Creative accounting is the reason CFO’s make multimillions a year. The U.S. has $1.6 trillion held “permanently invested overseas” that doesn’t come back to the U.S. and thus avoids the 35 percent tax. That is, places like Apple have $102 billion technically in Irish subsidiaries, though they control it from the United States. “Overseas” and “returned to the states” become fictions whereby the tax is avoided. That’s money not going into fresh hires.

How much tax is being avoided? Companies like Microsoft, Hewlett-Packard, and Google combined have avoided $42 billion in tax, about half how much our government has cut in spending this year to answer the fiscal cliff. That’s tax money that doesn’t benefit the country that allowed such innovative companies to take off in the first place.
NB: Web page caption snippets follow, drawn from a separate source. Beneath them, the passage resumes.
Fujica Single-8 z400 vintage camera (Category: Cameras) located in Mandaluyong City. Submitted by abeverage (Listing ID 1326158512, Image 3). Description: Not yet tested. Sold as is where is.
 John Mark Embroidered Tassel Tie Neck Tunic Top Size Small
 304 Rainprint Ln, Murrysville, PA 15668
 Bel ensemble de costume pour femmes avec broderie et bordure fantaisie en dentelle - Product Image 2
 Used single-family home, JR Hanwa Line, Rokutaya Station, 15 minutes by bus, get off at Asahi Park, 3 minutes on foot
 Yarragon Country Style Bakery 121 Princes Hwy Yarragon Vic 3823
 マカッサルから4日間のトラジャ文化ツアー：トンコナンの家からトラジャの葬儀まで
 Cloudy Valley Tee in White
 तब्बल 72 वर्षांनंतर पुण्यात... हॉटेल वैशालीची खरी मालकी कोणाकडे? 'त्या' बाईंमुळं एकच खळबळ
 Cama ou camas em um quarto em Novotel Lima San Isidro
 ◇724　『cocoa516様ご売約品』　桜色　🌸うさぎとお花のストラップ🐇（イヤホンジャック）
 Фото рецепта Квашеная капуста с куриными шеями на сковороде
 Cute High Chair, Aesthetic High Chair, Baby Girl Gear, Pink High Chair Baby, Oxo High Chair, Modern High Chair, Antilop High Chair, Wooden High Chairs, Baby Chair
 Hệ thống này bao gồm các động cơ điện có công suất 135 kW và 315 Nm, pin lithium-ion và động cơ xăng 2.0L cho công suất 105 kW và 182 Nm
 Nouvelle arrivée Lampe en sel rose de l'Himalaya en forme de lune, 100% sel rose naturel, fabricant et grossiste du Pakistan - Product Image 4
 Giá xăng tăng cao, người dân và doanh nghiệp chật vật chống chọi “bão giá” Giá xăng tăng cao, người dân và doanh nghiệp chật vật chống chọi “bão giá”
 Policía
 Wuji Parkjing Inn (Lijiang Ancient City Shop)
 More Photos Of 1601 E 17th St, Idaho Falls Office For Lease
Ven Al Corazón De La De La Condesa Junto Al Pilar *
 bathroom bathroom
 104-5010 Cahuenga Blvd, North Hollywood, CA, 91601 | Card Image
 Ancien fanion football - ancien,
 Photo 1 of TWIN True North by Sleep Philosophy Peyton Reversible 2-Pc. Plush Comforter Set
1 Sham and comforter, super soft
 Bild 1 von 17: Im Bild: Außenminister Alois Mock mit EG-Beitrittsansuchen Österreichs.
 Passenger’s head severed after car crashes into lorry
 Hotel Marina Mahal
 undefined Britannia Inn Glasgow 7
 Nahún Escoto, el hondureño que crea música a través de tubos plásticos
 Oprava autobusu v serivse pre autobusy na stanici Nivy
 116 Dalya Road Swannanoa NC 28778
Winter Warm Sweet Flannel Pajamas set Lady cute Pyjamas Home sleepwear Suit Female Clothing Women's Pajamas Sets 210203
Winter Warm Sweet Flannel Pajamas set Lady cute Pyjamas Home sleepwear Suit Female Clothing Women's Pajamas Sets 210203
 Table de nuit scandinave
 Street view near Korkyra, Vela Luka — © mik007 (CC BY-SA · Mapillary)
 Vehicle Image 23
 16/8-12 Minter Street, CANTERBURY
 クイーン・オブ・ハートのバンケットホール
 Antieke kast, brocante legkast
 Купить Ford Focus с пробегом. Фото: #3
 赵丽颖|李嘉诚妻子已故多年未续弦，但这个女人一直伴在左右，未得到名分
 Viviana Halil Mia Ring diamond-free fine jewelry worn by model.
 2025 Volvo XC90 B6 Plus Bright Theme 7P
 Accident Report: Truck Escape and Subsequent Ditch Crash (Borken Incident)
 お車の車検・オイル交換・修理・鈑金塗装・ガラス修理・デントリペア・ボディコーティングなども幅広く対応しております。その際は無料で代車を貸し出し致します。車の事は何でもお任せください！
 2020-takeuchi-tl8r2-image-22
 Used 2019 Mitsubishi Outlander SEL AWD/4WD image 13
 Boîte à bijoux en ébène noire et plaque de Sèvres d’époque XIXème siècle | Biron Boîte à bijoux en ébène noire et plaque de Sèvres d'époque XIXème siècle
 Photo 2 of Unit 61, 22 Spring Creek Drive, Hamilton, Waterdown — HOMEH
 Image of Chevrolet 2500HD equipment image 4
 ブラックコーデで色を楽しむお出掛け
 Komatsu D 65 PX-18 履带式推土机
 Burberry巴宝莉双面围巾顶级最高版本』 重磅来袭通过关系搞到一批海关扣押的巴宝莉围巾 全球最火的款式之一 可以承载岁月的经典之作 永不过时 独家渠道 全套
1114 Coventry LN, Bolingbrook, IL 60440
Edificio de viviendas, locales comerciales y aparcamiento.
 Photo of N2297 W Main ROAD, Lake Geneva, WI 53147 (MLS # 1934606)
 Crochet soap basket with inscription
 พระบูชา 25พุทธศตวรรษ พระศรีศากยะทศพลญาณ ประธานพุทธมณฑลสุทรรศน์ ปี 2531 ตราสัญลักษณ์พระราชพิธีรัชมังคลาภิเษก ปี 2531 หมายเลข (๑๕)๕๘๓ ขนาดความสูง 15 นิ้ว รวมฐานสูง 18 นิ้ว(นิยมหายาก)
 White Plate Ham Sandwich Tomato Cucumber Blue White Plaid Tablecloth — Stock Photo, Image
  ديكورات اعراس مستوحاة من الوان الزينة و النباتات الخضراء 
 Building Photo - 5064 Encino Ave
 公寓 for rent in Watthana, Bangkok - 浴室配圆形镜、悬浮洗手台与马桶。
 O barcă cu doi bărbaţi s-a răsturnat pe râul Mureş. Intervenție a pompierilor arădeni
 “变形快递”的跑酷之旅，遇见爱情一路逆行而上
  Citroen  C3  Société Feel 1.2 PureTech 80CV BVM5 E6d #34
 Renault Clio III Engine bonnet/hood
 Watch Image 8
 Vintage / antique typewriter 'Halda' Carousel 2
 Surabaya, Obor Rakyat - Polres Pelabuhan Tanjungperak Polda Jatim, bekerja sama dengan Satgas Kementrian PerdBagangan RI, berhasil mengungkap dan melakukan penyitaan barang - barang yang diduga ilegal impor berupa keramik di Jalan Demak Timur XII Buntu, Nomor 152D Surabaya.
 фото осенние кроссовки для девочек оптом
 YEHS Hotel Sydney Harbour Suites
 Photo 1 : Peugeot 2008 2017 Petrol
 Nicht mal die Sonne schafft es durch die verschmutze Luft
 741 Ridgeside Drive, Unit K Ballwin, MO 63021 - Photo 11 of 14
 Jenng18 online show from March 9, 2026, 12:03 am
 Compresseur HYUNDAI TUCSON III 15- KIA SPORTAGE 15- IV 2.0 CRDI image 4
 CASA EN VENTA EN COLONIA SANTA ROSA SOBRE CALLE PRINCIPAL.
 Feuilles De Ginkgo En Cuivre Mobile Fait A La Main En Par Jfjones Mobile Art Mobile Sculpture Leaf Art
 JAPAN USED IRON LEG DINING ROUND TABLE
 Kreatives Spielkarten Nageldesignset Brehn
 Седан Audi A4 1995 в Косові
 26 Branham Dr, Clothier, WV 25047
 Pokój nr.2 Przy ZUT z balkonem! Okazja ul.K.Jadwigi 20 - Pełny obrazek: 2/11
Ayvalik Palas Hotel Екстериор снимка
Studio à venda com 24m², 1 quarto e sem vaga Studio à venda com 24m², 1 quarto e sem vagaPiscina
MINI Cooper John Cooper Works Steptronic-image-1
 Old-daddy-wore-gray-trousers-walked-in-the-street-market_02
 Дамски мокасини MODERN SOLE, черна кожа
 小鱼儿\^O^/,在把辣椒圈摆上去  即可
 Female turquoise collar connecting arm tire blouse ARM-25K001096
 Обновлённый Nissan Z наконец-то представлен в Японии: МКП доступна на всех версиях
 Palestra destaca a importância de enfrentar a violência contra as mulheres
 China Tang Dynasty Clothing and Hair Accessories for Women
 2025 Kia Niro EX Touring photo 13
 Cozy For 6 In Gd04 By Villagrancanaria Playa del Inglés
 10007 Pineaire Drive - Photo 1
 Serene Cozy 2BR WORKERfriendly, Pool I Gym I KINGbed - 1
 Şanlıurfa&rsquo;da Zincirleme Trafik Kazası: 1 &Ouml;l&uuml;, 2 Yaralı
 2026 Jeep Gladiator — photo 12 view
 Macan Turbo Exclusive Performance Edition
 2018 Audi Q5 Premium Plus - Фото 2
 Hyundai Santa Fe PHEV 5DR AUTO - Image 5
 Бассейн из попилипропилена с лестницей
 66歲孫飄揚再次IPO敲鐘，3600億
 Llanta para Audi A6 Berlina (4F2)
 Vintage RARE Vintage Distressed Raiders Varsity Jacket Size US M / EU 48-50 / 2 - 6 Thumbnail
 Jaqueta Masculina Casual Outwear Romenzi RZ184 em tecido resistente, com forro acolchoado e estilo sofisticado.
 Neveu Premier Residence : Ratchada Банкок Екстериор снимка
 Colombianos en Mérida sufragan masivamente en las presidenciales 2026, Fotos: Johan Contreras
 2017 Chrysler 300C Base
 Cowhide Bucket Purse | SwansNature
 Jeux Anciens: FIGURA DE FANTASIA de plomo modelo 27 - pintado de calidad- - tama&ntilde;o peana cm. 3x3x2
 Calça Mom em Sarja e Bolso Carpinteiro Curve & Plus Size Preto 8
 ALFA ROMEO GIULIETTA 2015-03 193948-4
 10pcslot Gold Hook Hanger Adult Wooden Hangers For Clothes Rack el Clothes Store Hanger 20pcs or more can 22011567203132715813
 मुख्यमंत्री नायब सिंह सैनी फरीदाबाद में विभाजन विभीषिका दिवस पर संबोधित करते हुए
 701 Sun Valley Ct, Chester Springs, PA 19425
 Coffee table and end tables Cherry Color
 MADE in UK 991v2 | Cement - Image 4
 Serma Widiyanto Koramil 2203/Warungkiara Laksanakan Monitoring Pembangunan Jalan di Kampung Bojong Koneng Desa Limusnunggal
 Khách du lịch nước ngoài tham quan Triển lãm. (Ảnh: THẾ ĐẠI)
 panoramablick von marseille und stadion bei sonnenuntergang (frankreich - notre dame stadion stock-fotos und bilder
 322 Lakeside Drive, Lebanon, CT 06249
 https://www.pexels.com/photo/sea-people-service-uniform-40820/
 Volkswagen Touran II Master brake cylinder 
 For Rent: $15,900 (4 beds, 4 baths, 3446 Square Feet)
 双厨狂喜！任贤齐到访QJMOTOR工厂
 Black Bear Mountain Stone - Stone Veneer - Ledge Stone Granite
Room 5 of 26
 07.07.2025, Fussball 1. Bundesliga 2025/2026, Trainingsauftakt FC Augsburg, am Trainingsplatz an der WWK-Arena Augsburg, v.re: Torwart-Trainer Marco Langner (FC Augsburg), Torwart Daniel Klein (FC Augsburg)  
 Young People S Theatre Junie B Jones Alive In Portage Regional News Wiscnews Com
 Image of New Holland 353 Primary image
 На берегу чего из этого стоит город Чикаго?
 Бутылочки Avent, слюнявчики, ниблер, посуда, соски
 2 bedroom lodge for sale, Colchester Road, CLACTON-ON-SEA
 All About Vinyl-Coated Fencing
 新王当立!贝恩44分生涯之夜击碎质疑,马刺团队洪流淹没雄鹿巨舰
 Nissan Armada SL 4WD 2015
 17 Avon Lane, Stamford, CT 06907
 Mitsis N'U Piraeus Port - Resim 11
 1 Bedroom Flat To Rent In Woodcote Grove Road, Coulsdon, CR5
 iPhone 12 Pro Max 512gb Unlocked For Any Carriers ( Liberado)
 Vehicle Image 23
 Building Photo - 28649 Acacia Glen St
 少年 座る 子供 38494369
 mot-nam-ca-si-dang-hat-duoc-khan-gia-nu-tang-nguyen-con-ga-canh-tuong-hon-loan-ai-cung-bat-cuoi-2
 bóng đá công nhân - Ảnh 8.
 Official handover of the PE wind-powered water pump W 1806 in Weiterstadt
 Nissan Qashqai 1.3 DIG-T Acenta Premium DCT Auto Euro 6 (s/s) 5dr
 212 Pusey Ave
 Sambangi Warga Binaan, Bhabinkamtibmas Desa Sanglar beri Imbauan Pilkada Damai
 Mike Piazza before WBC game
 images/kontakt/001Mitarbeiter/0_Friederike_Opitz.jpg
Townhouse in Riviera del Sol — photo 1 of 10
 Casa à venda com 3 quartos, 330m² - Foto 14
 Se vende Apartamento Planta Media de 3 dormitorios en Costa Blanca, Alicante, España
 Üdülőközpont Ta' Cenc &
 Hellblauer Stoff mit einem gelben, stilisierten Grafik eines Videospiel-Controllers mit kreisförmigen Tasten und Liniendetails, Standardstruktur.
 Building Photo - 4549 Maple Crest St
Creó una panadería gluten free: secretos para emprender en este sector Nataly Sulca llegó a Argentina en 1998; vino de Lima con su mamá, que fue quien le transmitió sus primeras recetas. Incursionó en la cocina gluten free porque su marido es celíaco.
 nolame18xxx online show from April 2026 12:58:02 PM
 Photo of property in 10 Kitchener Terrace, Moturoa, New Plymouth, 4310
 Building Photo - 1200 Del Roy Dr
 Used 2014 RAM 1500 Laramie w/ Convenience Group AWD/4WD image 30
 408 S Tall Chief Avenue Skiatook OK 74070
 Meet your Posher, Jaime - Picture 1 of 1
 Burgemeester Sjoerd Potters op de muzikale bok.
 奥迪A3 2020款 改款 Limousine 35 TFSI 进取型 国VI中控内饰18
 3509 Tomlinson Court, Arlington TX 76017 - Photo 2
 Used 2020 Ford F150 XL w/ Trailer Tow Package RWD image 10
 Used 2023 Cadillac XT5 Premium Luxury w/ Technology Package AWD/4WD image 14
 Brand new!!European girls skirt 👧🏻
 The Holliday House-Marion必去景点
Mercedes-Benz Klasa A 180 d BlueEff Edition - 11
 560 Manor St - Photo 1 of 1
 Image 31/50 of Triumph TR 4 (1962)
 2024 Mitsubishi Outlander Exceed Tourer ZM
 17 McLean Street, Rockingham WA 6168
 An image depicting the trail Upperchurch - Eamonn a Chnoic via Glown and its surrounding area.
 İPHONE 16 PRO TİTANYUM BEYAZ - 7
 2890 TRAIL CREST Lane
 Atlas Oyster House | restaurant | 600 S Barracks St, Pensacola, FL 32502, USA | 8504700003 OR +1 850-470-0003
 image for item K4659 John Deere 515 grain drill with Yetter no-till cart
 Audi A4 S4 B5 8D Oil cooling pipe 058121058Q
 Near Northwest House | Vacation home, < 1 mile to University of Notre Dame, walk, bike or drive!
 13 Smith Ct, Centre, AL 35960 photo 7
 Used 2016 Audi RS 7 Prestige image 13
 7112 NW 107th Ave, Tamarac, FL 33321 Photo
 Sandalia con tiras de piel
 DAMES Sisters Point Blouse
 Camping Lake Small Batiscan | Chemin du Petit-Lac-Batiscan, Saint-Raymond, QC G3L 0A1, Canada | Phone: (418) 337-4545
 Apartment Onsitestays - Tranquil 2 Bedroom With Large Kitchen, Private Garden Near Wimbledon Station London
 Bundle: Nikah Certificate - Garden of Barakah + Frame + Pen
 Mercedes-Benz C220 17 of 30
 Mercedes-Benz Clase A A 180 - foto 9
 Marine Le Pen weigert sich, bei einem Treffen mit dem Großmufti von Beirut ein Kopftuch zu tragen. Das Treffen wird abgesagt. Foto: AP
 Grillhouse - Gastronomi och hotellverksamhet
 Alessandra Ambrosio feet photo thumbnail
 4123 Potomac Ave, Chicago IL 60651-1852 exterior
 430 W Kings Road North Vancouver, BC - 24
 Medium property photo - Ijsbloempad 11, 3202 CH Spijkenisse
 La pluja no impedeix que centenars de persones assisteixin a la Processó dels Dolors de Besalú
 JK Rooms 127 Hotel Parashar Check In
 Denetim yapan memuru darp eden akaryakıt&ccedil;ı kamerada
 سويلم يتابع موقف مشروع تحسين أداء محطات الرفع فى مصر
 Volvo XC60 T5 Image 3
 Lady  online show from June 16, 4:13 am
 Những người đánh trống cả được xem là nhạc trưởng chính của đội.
Apple tracks their bookkeeping in Austin, Texas, and the funds are held in bank accounts in New York City, yet they don’t pay into taxes like you or I.

Apple seems to think the 35 percent tax is unfair and has asked with 20 other major corporations for a “repatriation holiday” as in 2004 when taxes were lowered to 5.25 percent. This, they claim, would increase investment and hiring. But it didn’t in 2004. It was found in a study by the National Bureau of Economic Research that 92 cents to the dollar went into dividends, stock buybacks, and executive bonuses, as the New York Times reported. In fact, thousands were laid off at the time.

“The offshore companies are a fiction and the statement that the money is offshore is a fiction,” said Edward Kleinbard, a former staff director for the Congressional Joint Committee on Taxation. “What they are asking for is a reward for having gamed the system.”

Indeed, if such giants as Apple and Google are not interested in paying back into the system that allowed them to exist in the first place, what can this be but a major ingratitude? If we want to see economic growth and fresh hires, it might require a different tact.